Let $\theta=\dfrac{2\pi}{1996}$, $I$ denote the $1996\times 1996$ identity matrix, and $A=(a_{jk})$ be the $1996\times 1996$ matrix whose entries are defined as $a_{jk} = \cos((k+j)\theta)$. Find $\det(I+A)$.

Edit: previously I had attached a solution to this question, but apparently that made my question off-topic, so I've decided to look for another solution.

Obviously, one has to use eigenvalues and eigenvectors to solve this question. Properties of the determinant will be useful as well, and it may be necessary to have separate cases for when $N$ is even or odd.

Answer 1

The answer is easily deduced from the following more general identity.

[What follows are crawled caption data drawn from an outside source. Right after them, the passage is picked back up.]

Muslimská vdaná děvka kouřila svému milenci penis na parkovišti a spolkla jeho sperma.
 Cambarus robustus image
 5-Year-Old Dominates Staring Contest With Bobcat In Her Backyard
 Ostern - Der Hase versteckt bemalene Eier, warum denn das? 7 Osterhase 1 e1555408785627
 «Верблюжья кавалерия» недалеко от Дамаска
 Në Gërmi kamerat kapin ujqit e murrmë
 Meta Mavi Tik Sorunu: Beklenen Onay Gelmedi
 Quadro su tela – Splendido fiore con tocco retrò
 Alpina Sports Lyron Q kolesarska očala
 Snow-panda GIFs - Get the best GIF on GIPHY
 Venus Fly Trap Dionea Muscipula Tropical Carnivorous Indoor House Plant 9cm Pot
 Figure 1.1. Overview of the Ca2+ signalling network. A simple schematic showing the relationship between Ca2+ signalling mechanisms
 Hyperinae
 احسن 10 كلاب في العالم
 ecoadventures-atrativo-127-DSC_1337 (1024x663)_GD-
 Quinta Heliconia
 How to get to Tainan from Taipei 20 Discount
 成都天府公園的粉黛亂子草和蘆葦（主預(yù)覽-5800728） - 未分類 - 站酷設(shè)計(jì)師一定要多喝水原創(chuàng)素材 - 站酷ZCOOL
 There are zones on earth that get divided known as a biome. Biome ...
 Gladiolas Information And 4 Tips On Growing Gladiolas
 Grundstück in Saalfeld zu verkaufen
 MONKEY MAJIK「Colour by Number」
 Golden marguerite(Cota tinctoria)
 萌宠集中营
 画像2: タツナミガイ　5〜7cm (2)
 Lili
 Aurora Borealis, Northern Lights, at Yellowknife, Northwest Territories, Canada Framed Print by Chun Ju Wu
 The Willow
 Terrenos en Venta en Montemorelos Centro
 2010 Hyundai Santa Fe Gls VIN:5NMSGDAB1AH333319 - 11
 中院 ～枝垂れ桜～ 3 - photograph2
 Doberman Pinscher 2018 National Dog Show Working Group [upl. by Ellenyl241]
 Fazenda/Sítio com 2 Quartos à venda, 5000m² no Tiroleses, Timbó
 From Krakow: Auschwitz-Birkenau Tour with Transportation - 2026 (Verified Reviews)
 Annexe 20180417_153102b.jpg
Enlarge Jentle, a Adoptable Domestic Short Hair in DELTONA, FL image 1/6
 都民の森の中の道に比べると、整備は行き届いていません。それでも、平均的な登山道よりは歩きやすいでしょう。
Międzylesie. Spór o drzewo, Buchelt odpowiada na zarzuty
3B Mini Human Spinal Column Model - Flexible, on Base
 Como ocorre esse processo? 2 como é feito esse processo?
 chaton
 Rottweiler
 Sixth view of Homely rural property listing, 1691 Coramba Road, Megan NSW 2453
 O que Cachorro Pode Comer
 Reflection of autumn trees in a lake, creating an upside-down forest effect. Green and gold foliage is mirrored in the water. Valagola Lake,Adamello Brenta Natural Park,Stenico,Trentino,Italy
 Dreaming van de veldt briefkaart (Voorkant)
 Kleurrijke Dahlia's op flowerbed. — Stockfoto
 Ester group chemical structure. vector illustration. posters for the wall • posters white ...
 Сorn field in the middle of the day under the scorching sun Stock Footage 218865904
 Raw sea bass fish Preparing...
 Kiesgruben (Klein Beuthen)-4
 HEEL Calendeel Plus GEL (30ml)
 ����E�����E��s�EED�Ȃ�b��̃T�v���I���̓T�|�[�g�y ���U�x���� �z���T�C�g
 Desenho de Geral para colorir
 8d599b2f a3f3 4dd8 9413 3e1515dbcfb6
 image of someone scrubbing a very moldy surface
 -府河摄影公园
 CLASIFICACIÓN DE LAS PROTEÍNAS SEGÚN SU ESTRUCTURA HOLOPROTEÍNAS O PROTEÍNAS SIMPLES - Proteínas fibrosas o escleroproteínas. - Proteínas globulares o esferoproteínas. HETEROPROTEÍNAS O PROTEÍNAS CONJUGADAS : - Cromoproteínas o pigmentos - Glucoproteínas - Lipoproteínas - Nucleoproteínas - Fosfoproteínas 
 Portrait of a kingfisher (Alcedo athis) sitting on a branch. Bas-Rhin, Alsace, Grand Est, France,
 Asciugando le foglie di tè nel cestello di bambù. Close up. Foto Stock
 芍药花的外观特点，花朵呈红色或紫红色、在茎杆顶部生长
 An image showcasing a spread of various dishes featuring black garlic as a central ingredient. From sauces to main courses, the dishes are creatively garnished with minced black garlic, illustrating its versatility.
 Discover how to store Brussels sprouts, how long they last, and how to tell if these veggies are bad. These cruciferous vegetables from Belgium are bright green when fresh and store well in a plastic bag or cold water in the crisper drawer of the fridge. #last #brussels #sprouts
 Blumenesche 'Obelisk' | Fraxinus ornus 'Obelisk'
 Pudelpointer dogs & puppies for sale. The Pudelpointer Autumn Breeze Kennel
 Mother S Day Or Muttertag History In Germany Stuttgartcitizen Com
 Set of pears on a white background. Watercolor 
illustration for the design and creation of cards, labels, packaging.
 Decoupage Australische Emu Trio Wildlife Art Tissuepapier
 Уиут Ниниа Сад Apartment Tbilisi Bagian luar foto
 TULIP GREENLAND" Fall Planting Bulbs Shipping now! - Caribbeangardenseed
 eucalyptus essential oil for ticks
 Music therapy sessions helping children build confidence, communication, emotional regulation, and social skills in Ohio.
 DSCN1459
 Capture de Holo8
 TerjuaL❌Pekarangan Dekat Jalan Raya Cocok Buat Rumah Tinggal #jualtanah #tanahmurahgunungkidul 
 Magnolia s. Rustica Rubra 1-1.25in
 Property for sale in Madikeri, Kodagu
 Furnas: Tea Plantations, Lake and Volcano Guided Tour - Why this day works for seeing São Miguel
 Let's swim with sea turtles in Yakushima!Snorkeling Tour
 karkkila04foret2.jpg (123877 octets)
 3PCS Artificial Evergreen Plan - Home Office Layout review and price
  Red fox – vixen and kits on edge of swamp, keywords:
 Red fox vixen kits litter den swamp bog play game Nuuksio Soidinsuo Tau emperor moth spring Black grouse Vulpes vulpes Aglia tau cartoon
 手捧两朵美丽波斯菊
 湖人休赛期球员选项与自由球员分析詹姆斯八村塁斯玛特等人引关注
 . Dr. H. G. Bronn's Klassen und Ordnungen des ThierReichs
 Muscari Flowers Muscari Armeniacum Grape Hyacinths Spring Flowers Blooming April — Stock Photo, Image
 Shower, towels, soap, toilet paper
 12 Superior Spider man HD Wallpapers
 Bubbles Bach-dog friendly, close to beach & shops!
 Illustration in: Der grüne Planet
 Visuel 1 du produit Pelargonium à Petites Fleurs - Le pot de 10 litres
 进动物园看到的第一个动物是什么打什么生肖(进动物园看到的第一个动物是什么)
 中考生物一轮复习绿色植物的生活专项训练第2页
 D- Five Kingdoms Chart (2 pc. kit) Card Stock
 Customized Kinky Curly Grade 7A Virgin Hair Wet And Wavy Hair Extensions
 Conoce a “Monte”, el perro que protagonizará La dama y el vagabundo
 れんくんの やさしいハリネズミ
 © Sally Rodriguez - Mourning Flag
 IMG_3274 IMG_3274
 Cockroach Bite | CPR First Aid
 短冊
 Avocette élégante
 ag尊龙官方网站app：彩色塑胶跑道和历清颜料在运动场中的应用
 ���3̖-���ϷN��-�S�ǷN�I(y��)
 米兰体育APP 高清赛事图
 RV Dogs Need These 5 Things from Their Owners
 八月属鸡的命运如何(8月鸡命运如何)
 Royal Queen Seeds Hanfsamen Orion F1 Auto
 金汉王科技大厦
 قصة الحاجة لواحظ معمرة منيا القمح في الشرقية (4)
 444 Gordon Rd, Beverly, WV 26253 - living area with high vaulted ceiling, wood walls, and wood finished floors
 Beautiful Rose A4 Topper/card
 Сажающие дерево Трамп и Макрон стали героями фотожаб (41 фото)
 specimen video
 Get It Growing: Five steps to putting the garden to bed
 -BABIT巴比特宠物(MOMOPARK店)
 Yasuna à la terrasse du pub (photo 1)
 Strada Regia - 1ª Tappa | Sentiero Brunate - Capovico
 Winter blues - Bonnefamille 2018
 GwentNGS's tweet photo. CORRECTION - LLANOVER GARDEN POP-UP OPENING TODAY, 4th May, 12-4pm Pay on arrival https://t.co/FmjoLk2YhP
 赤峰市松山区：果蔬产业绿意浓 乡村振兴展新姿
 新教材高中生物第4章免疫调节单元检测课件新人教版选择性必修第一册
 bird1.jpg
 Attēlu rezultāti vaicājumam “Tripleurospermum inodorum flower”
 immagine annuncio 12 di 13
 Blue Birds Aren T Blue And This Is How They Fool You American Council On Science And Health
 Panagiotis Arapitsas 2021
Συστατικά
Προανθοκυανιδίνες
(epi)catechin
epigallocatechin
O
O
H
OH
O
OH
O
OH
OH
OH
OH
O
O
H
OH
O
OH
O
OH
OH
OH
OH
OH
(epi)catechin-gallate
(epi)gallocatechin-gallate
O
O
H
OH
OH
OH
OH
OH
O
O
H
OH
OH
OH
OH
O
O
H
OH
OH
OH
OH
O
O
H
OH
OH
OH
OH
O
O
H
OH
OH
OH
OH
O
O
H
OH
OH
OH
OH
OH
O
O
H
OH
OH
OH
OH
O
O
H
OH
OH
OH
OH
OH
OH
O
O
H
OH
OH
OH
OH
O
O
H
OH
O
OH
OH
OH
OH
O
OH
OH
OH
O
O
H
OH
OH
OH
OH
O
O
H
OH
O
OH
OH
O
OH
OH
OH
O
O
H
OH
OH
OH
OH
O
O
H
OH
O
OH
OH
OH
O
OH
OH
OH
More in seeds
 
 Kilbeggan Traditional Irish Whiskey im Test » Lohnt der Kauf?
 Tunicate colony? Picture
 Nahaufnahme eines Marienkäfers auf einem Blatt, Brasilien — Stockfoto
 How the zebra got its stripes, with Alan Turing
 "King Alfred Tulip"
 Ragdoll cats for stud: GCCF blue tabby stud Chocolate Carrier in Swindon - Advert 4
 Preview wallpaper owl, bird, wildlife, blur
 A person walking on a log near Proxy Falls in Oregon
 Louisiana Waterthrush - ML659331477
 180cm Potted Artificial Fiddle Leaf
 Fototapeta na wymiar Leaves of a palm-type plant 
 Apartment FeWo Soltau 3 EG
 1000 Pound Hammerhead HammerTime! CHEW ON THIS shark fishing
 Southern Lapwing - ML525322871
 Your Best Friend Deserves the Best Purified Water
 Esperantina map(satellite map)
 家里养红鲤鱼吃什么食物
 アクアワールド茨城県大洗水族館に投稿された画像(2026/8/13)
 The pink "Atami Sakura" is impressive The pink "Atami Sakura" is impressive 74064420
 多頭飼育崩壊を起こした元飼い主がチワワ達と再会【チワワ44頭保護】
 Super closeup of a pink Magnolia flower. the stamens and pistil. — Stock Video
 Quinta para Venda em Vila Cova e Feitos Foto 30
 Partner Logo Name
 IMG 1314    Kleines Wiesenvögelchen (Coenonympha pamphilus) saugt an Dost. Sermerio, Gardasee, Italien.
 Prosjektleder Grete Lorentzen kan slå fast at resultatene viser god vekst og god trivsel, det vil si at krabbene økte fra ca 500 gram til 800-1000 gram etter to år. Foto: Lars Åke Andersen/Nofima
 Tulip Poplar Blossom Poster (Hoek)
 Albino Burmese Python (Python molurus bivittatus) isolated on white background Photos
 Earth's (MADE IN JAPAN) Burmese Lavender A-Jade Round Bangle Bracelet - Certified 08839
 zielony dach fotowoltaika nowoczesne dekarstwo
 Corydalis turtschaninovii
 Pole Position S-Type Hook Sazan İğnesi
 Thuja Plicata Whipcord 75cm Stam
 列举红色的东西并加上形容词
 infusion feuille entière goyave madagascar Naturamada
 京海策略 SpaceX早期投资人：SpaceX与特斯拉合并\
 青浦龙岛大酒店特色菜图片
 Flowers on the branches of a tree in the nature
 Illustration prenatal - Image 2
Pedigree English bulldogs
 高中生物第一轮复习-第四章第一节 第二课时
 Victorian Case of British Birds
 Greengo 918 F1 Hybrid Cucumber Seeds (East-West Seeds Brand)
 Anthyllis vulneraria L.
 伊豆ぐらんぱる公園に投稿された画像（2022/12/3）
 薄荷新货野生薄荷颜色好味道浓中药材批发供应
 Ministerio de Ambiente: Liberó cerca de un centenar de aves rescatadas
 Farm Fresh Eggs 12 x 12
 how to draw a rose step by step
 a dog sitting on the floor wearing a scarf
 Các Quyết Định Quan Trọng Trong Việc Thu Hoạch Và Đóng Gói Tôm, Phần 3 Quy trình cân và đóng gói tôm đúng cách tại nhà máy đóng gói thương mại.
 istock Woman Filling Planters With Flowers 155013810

Let $A$ be an $n\times n$ matrix with $(i,j)$-th element equal to $x_i x_j-y_i y_j$. Then $$\det(\lambda I-A)=\lambda^n-\lambda^{n-1}\sum_{1\leqslant i\leqslant n}(x_i^2-y_i^2)-\lambda^{n-2}\sum_{1\leqslant i<j\leqslant n}(x_i y_j-y_i x_j)^2.$$

(The coefficient of $\lambda^{n-k}$ is $\pm$ the sum of principal minors of $A$ of size $k$; these vanish when $k>2$.)

The given matrix is obtained with $x_k=\cos k\theta$ and $y_k=\sin k\theta$ (where $\theta=2\pi/n$ and $n=1996$), giving $\det(\lambda I-A)=\lambda^n-n^2\lambda^{n-2}/4$ when $n>2$. The answer to the given question is $\color{blue}{-996003}$.